Salesforce Connect は強力なツールですが、アーキテクトとしてその制約とトレードオフを十分に理解しておく必要があります。不適切なシナリオで利用すると、パフォーマンスの悪化や予期せぬエラーを引き起こす可能性があります。

権限とセキュリティ (Permissions and Security)

外部オブジェクトも Salesforce の共有設定モデルに従いますが、レコードレベルのアクセス制御は外部システムに依存します。外部データソースへの接続には、指定ログイン情報 (Named Credential) の使用が強く推奨されます。これにより、エンドポイント URL や認証情報をコードから分離し、安全に管理できます。

API 制限 (API Limits)

Salesforce Connect による外部システムへのアクセスは、Salesforce のコールアウト制限の対象となります。例えば、Enterprise Edition の OData アダプタには、1時間あたり 20,000 コールアウトという制限があります。ユーザーがリストビューを開いたり、レポートを実行したり、API 経由でクエリを発行したりするたびにコールアウトが消費されます。多数のユーザーが同時にアクセスするような高トラフィックなシナリオでは、この制限に達するリスクを慎重に評価する必要があります。

パフォーマンス (Performance)

外部オブジェクトのパフォーマンスは、完全に外部システムの応答速度に依存します。外部システムの API が遅い場合、Salesforce 上でのユーザーエクスペリエンスは著しく低下します。アーキテクトは、外部システムの API が以下の要件を満たしているか確認する必要があります。

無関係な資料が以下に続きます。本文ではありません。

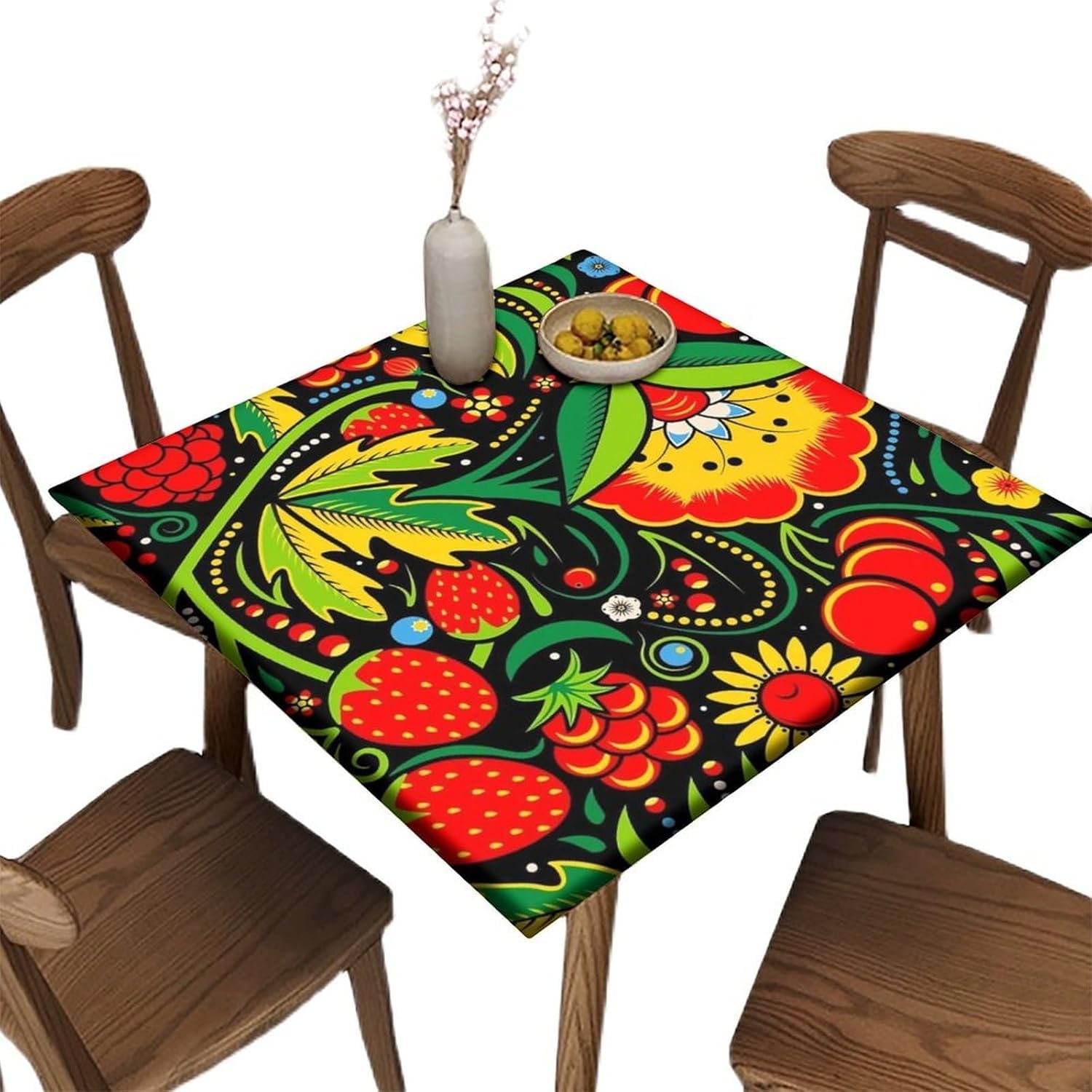 Nappe de table marbrée rouge boho en polyester durable 30x30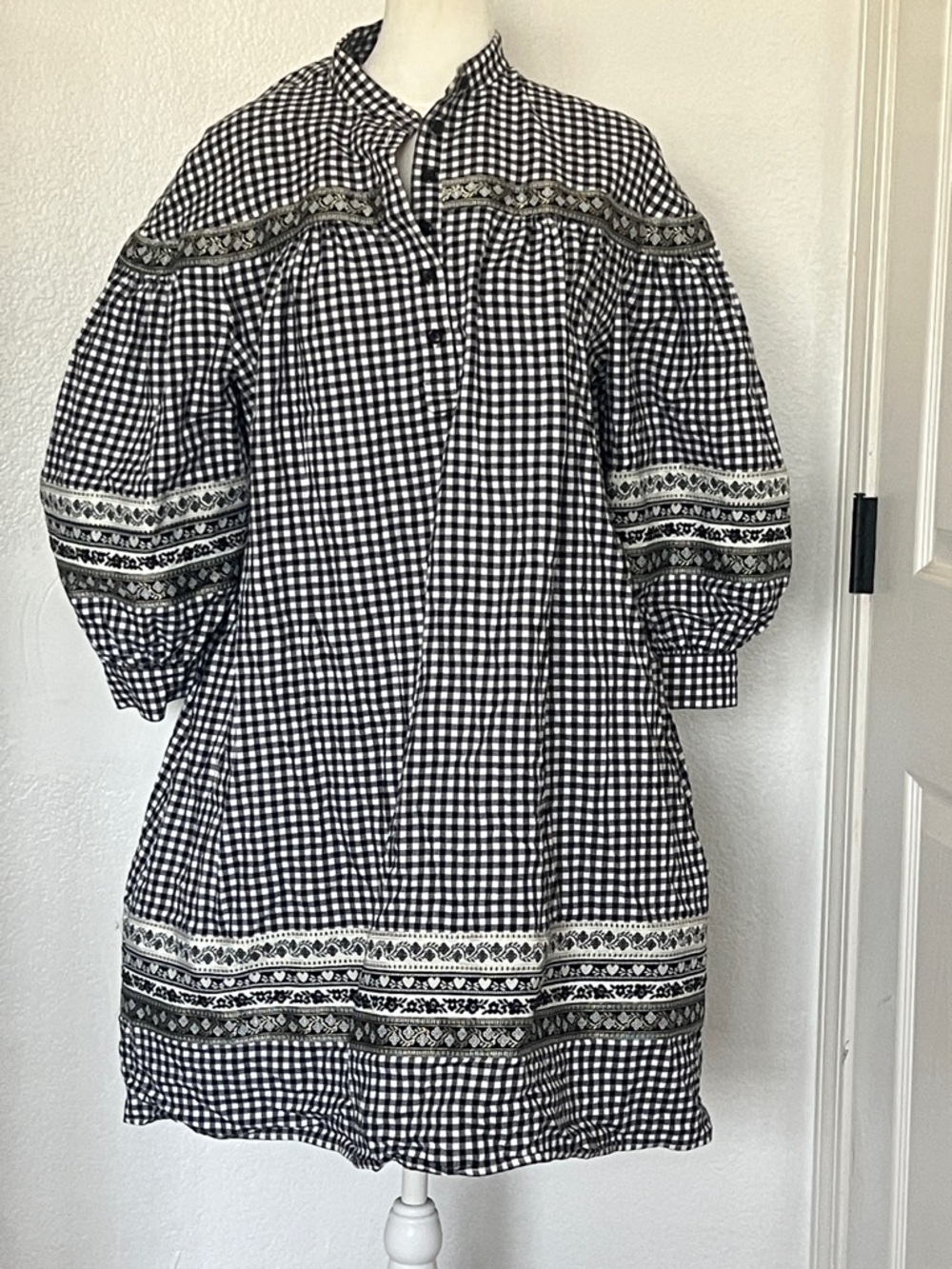 Brooks Brothers Folkloric Black and White Gingham Mini Dress 4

  • 低レイテンシ: 迅速な応答が可能であること。
  • ページング対応: 一度に大量のデータを返すのではなく、ページング(例: OData の $top, $skip)をサポートしていること。サーバー駆動ページングが推奨されます。
  • フィルタリング対応: Salesforce からの絞り込み条件(例: OData の $filter)を効率的に処理できること。

データモデルとクエリの制限 (Data Model and Query Limitations)

外部オブジェクトは、標準・カスタムオブジェクトと全く同じように機能するわけではありません。

  • リレーション: 標準オブジェクトから外部オブジェクトへの参照関係は作成できません(逆は可能)。外部オブジェクト間のリレーションシップには、外部参照 (External Lookup)間接参照 (Indirect Lookup) という特別な種類のリレーションがあり、設計時に慎重な検討が必要です。
  • SOQL の制限: 集計関数 (COUNT(), SUM() など) のサポートは限定的です。複雑な WHERE 句や、親子リレーションをまたぐクエリ(サブクエリ)もサポートされない場合があります。
  • レポートとダッシュボード: 外部オブジェクトはレポートで利用できますが、結合レポートには使用できないなどの制限があります。
  • 書き込み操作: 外部オブジェクトを書き込み可能にするには、外部データソースの設定で「書き込み可能な外部オブジェクト」を有効にし、かつ外部システム側が作成・更新・削除の操作をサポートしている必要があります。

まとめとベストプラクティス

Salesforce Connect は、Salesforce を単なる CRM アプリケーションから、企業全体の情報を集約・活用するための「エンゲージメントのプラットフォーム」へと昇華させるための重要なアーキテクチャコンポーネントです。

アーキテクトとして、以下のベストプラクティスを念頭に置くことで、Salesforce Connect の価値を最大限に引き出すことができます。

  1. 適切なユースケースの選択:
    • 利用を推奨するケース: 少量のデータをリアルタイムで参照する必要がある場合。データの一元管理が重要で、コピーを作成したくない場合。ストレージコストを削減したい場合。
    • 利用を避けるべきケース: 大量のデータに対する複雑な集計やレポートが必要な場合。オフラインアクセスが必要な場合。外部システムへの頻繁な書き込みやバッチ処理が必要な場合。この場合は、従来型の ETL/API 連携を検討すべきです。
  2. インテグレーションパターンの理解: Salesforce Connect を「データ仮想化 (Data Virtualization)」パターンとして位置づけ、ETL などの「データレプリケーション (Data Replication)」や、Apex Callout などの「リモートプロセス呼び出し (Remote Process Invocation)」といった他のインテグレーションパターンと適切に使い分けることが重要です。
  3. 外部システムの API 設計: 可能であれば、Salesforce Connect からの利用を前提として外部システムの API を設計することが理想です。特に、効率的なフィルタリングとページングのサポートは、パフォーマンスに決定的な影響を与えます。
  4. セキュリティの徹底: 認証には必ず指定ログイン情報 (Named Credential) を使用し、最小権限の原則に従って外部システムへのアクセス権を付与してください。
  5. テストとモニタリング: 本番稼働前に、想定される負荷状況下でのパフォーマンステストを必ず実施してください。また、外部システムの API 稼働状況や Salesforce のコールアウト使用状況を継続的にモニタリングする仕組みを構築することが望ましいです。

結論として、Salesforce Connect は「銀の弾丸」ではありませんが、その特性と制約を深く理解し、適切なシナリオで適用すれば、開発コストを削減し、データの鮮度を高め、より柔軟でスケーラブルなシステムアーキテクチャを実現するための非常に強力な選択肢となります。